We are guided by the teaching of the Church, especially in new and complex moral questions. We grow through the examination of conscience, and we are strengthened by acting upon what we know to be right.

As St John Paul II reminded us, true freedom is found not in doing what we want, but in choosing what is good.

Moral courage

And so we return to the central question: Who decides?

Not the system. Not the algorithm.
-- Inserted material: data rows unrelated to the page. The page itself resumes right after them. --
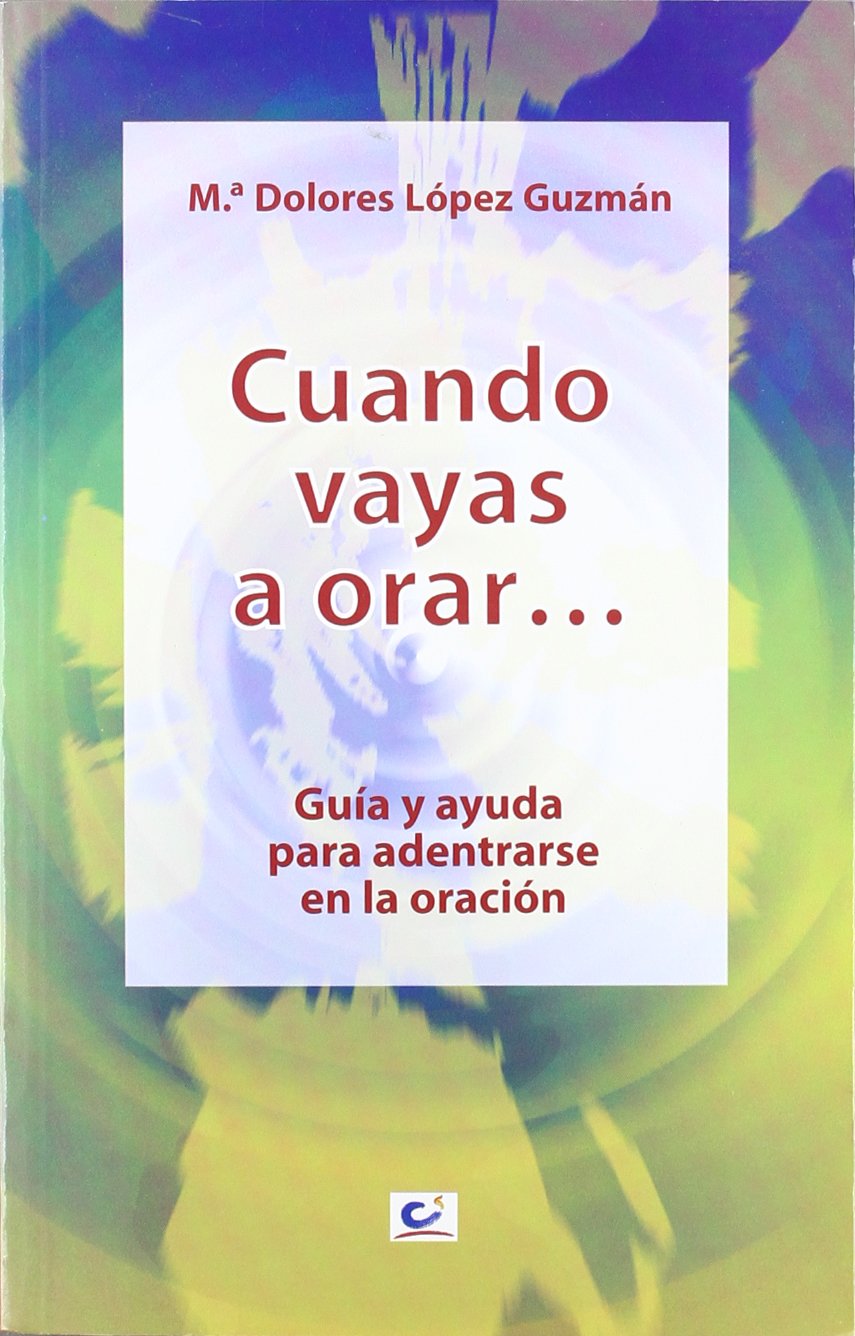 Cuando vayas a orar…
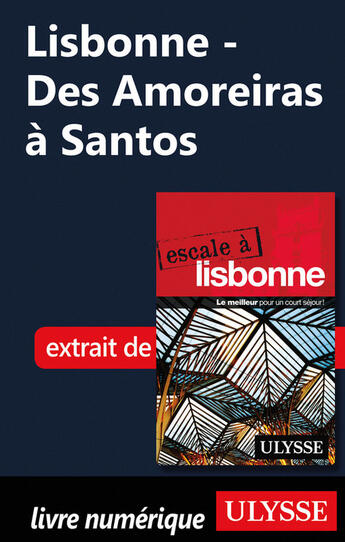 Couverture du livre « Lisbonne - Des Amoreiras à Santos » de Marc Rigole aux éditions Epagine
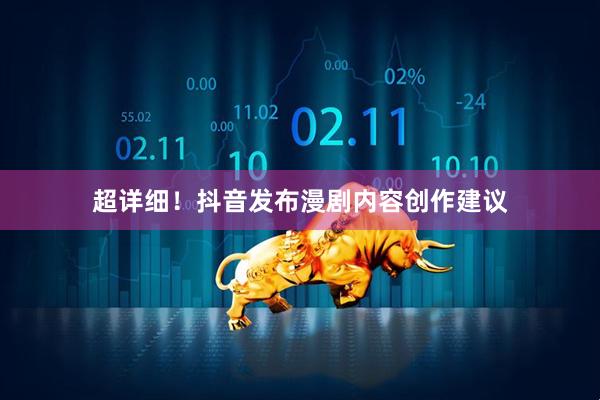 超详细！抖音发布漫剧内容创作建议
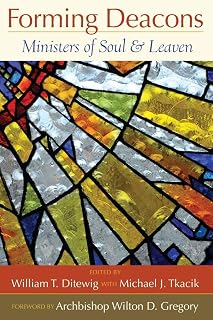 Forming Deacons: Ministers of Soul and Leaven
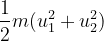 \frac{1}{2}m(u_{1}^{2} + u_{2}^{2})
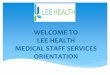 WELCOME TO LEE HEALTH MEDICAL STAFF SERVICES … › getmedia › 48cad946-8725-4833-b94a-bbf… · in the medical staff office to acquire a red parking tag. the hours of operation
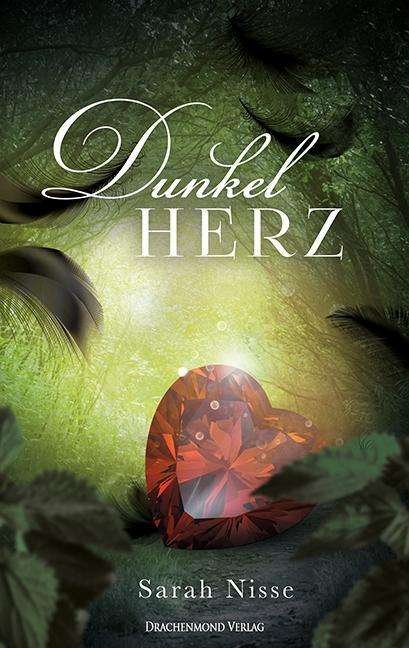 Cover for Nisse · Dunkelherz - Welt in Scherben (Bog)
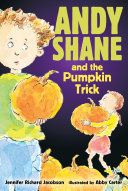 Andy Shane and the Pumpkin Trick cover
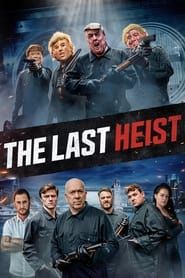 The Last Heist series tv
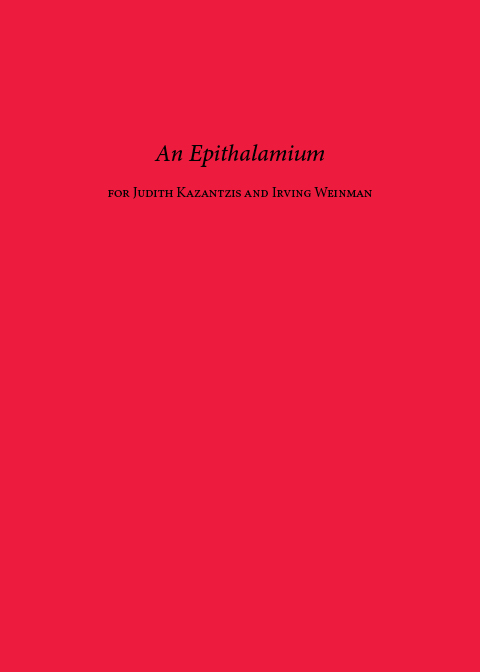 An Epithalamium for Judith Kazantzis and Irving Weinman, Married in Key West, February 22, 1998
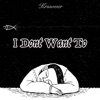 I Dont Want To - Single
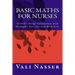 Basic Maths for Nurses: Includes Dosage Calculations with Examples, Exercises and Mock Tests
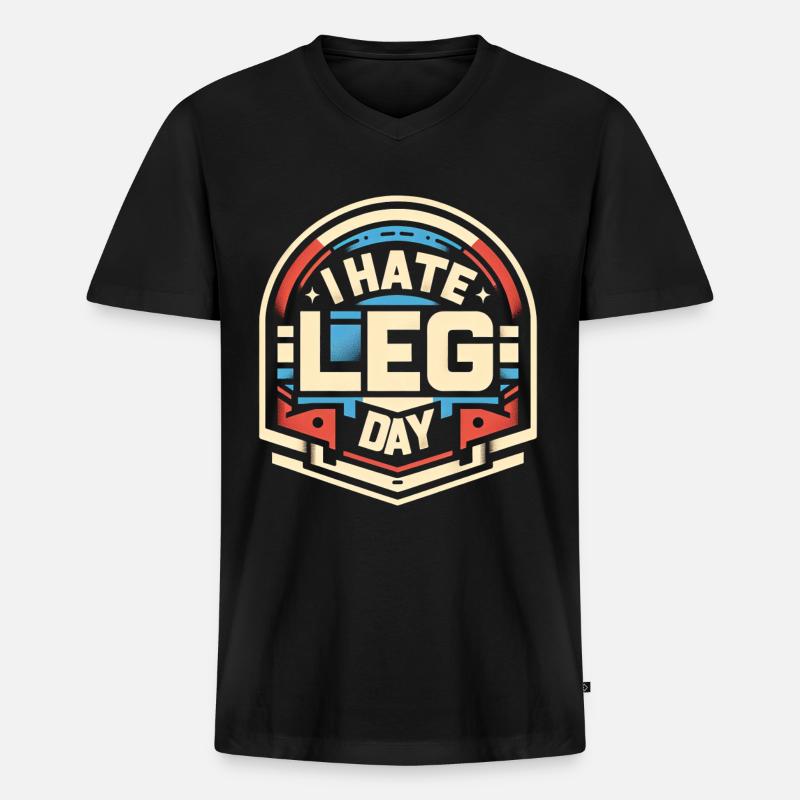 I Hate Leg Day 28 - Männer Premium Bio T-Shirt mit V-Ausschnitt - Schwarz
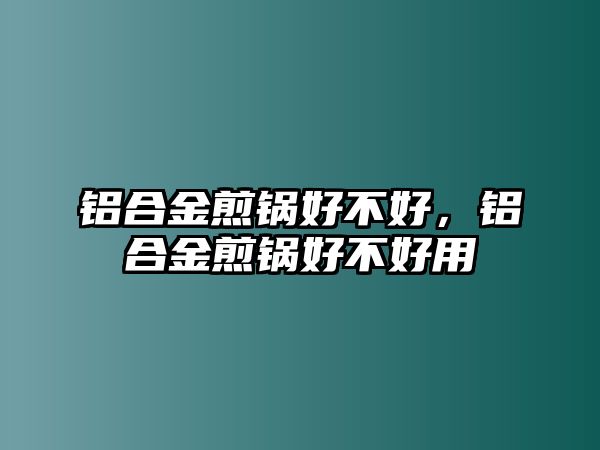 鋁合金煎鍋好不好，鋁合金煎鍋好不好用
Not the data.

The human person must decide—guided by a well-formed conscience, accountable to truth and ultimately to God.

As Pope Leo XIV writes in Magnifica Humanitas, “But we bring a wisdom concerning the human that our present time desperately needs: every person is unique and irreplaceable, a free and intelligent subject with a conscience, capable of seeking God, serving one another, caring for our common home.” The admonition is timely.

In the end, the future will depend not on how intelligent our machines become, but on whether we remain faithful to the voice of conscience within us.

And if we forget we are created in the image of God, we risk handing over not only our decisions, but our very humanity.

Let us then have the courage to remain human: to listen, to discern and to choose what is right before God.

Ultimately, it is not the machine that will answer but us.